Director Joe Carnahan held his breath.
“It was to [Jackson’s] benefit that he didn’t know what Liam means to the acting world,” Carnahan said Dec. 9 at the Fox lot. “Rampage was a babe in the woods, and he gave his heart and soul to this thing. Liam really took Rampage under his wing.”
Jackson held his own, as did the rest of the cast (Bradley Cooper, Sharlto Copley, Jessica Biel) in this memorable and lightning-paced feature adaptation of the much-beloved 1980s TV series. Twentieth Century Fox Home Entertainment releases the film on two-disc Blu-ray Disc ($39.99) and DVD ($29.98) Dec. 14.
“I had just an absolute blast doing it,” Carnahan said of the film, which is basically one blast after another.
The Blu-ray edition specifically relays the fun the cast and crew had making the film, featuring 90 minutes of bonus material, including an extended cut, deleted scenes, a gag reel, a mash-up montage, several featurettes, character chronicles with actor interviews, a visual effects commentary and a digital copy.
There’s also a series of insider clips with Carnahan, dubbed “The Devil is in the Details.” These unique shots have the director walking viewers through several scenes in the film, including the infamous tank freefall, with storyboards, VFX and live-action stunts showing in the background. Carnahan said he spent nearly three hours in a director’s chair working on that bonus feature.
“I thought it was a very cool, neat concept,” he said. “I’d like to see if others copy it. … [But] boy I did not look good in that chair.”

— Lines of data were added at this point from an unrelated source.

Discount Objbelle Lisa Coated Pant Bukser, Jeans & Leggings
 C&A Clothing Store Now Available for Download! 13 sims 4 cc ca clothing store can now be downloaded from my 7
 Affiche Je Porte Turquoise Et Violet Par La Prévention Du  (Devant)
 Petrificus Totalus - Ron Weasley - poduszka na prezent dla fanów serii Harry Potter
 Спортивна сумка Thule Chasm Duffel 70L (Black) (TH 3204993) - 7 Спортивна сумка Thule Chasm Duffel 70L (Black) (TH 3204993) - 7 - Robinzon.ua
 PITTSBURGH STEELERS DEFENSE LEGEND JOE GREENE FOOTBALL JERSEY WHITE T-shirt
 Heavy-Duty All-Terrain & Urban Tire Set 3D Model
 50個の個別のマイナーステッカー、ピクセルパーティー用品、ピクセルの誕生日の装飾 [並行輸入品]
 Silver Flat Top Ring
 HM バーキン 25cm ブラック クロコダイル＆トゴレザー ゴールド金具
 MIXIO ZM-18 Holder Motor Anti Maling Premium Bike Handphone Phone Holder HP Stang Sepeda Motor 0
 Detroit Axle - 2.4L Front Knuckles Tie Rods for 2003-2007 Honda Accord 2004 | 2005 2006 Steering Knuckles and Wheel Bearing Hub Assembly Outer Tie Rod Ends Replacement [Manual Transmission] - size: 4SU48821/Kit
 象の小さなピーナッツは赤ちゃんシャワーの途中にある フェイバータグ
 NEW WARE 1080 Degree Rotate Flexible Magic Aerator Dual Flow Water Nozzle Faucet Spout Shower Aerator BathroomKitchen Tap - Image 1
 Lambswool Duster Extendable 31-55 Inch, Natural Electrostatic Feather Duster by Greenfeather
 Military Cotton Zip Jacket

For the extended cut of the film and the bevy of bonuses, Carnahan recommends the Blu-ray, of course, but he also expressed reservations about the sharpness of the picture: “It highlights your flaws,” he said. “If something is out of focus, it’s really out of focus.”
And errors that aren’t really errors show up as well: During the tank freefall scene, one smartass visual effects worker inserted his face into the side of a mountain, a “flaw” that could have gotten someone fired, but instead became a unique Easter Egg for the film.